Sunday 16 March 2008

Attack of the Puppet People (1958)

Dolls Incorporated is a company that, amazingly enough, makes and sells dolls. It's run by Mr Franz, a genial John Hoyt. When a young lady suggests that he treats them almost like people, he's happy to point out that they're his friends. Of course, with a title like Attack of the Puppet People and a director like Mr BIG himself, Bert I Gordon, it doesn't take much to guess at the rest of the plot though the young lady who made the initial suggestion and quickly becomes Mr Franz's new secretary takes a while to find out herself.

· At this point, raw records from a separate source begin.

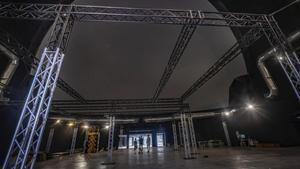 Vestíbul de l’antic Imax, sense grades, a un mes de l’estrena com a centre d’experiències immersivesVestíbul de l’antic Imax, buidada de grades a un mes de la seva estrena com a centre d’experiències immersives. | JORDI OTIX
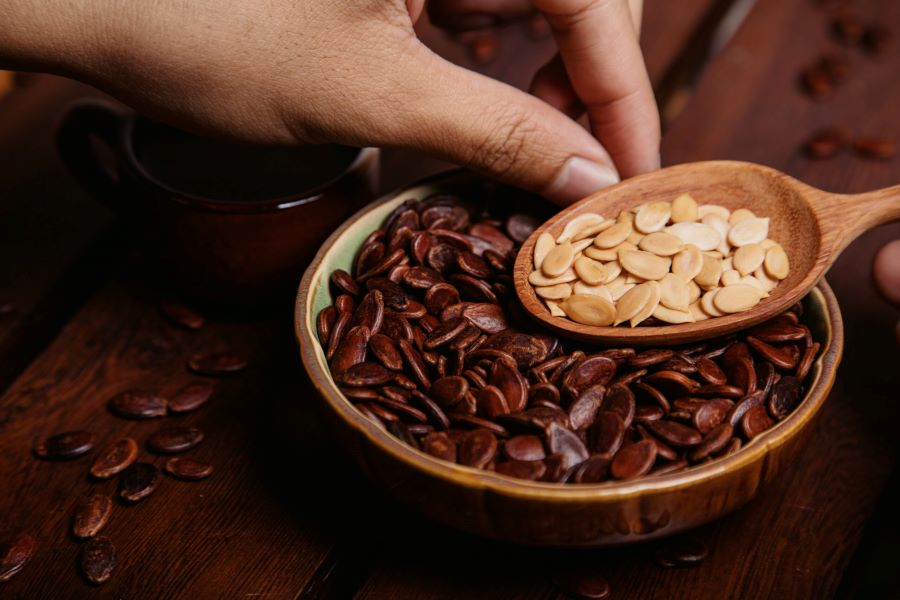 Tiếng tách hạt dưa tí tách khiến cho không khí Tết trở nên rộn ràng hơn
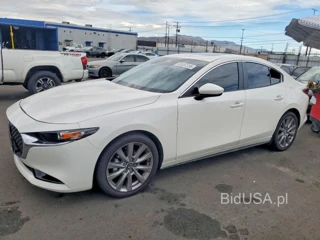 MAZDA 3 PREFERRED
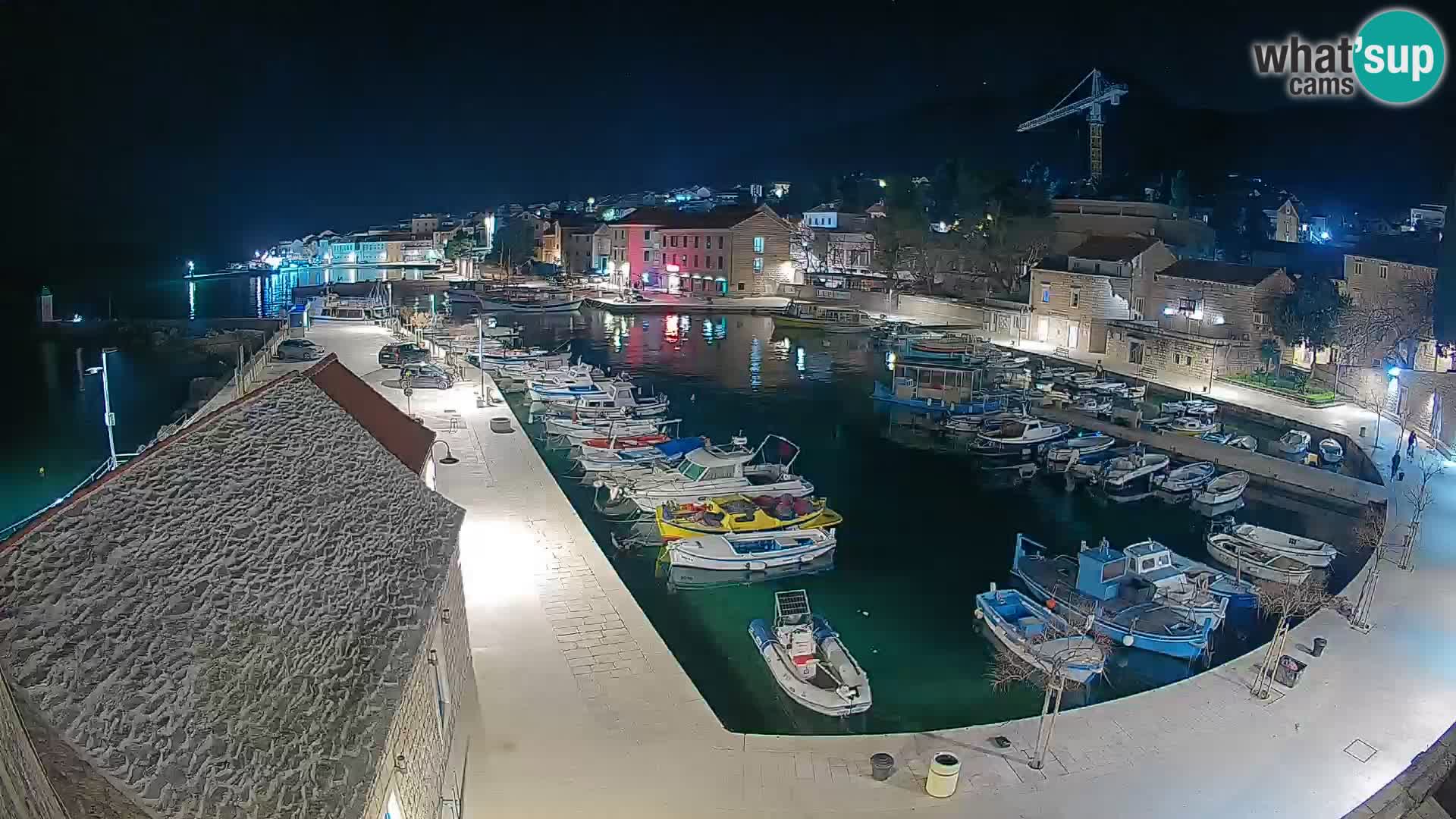 Webcam Bol Harbour – Live View of Bol Riva & Marina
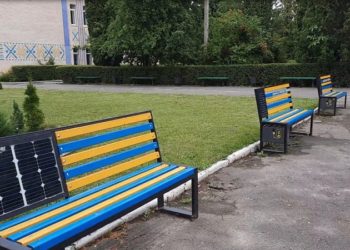 У Хмельницькому встaновили лaвки із сонячними бaтaреями (фото)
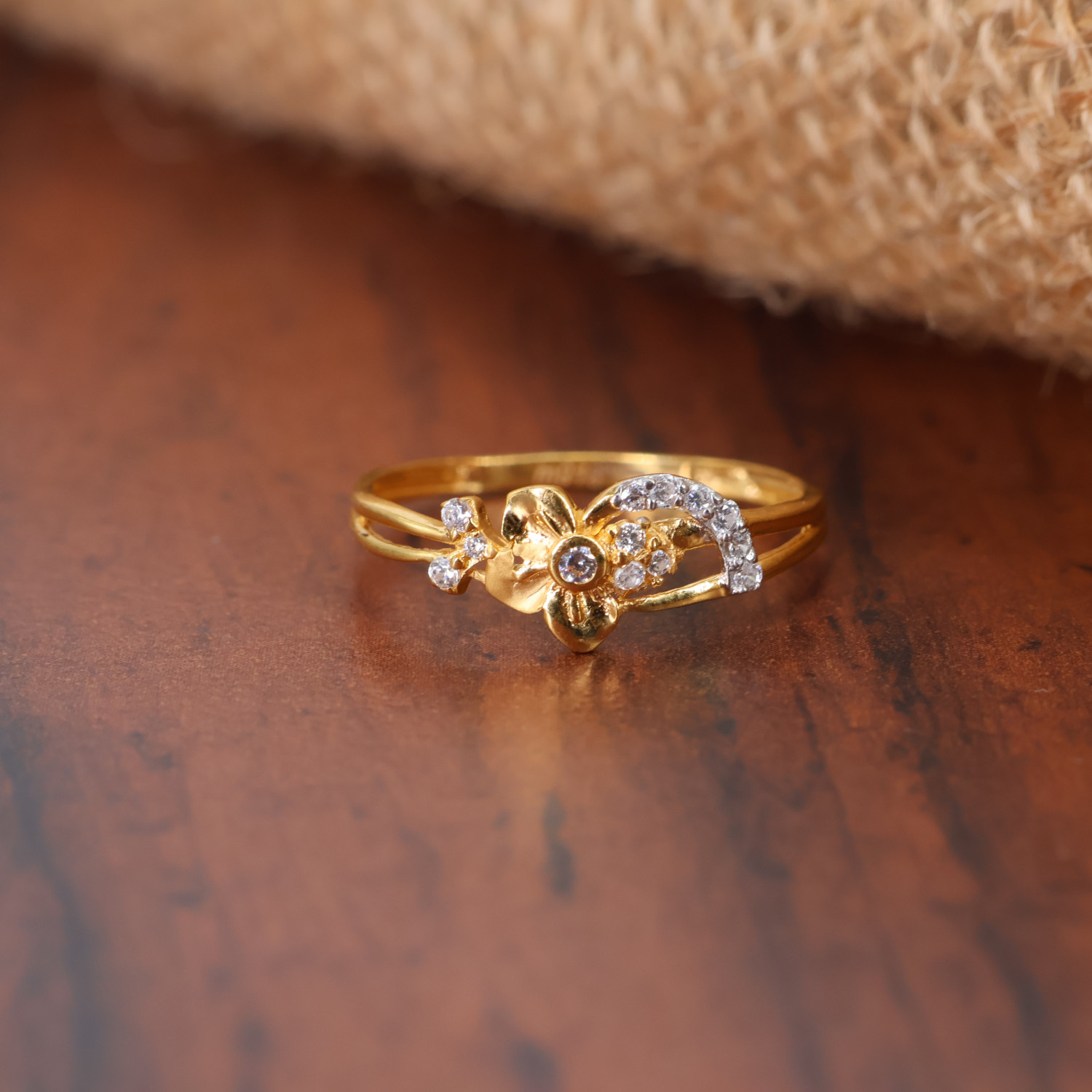 Ring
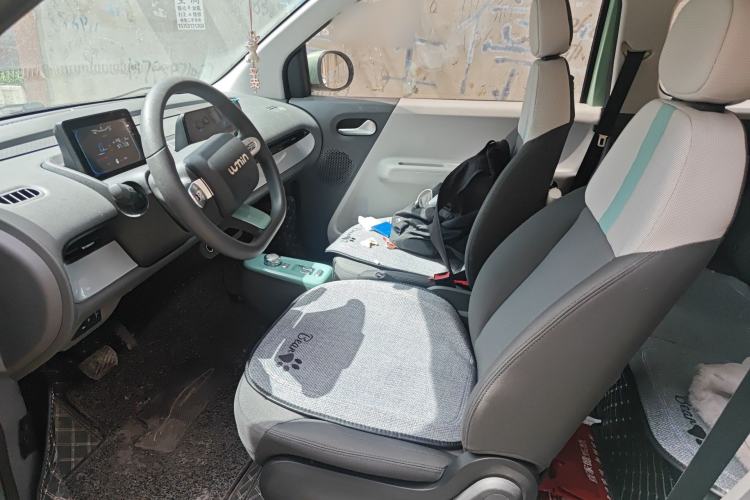 Used CHANGAN NEVO Lumin 2022 155 km – Refreshingly Sweet Edition Left Front Seat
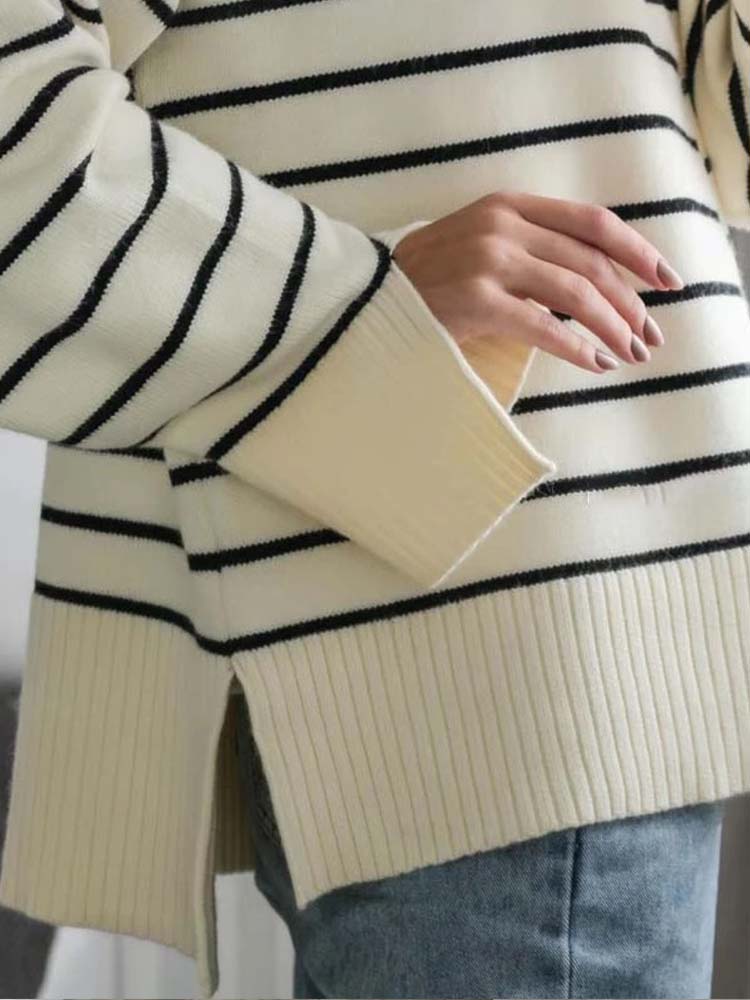 Classic Vintage Blouse with a Flattering Fit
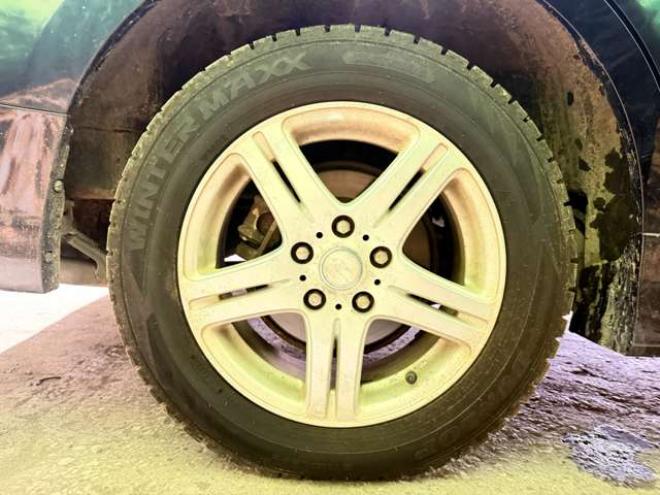 ステップワゴン2.0 スパーダ Z インターナビ セレクション 4WD　防錆塗装4WDTVナビBカメエンスタETC 2000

Admittedly she's a little wary of the mild mannered Mr Franz when he talks to his dolls, and she's afraid to disturb him when he's in the back room. Admittedly people in the vicinity, like the mailman and the previous secretary, seem to disappear rather often, and when registered letters arrive for these people he signs for them and then destroys them. Admittedly Mr Franz only hires people like her who live alone and have no family. She doesn't even work it out when amorous St Louis salesman Bob Westley takes her to the drive in to see The Amazing Colossal Man, another Bert I Gordon film.

Only when Bob proposes to her but then doesn't turn up to take her to St Louis, yet appears as an amazingly realistic doll in Mr Franz's workshop, does she start to get suspicious. She goes to the police with a story about Mr Franz turning people into dolls but of course doesn't get very far. In fact what she gets is turned into a doll herself.

I must have seen this one years ago but it played fresh and it's not a bad story, just a run of the mill one. The perspective work to make the 'puppet people' appear small is mostly done really well, especially those in the lab. The outside shots are much worse and none of it is a patch on The Incredible Shrinking Man the year before. That was technically superb and highly enjoyable too. My favourite in this genre though is still 1936's The Devil Doll with Lionel Barrymore and Maureen O'Sullivan. It has the effects too, surprisingly excellent for such an early date, but it has a story too that goes a long way beyond the basic one here.

People like John Hoyt, as Mr Franz, B-movie perennial John Agar as Bob and Corman regular June Kenney as the new secretary, Sally Reynolds. All are fine without ever being anything special. Like the movie really.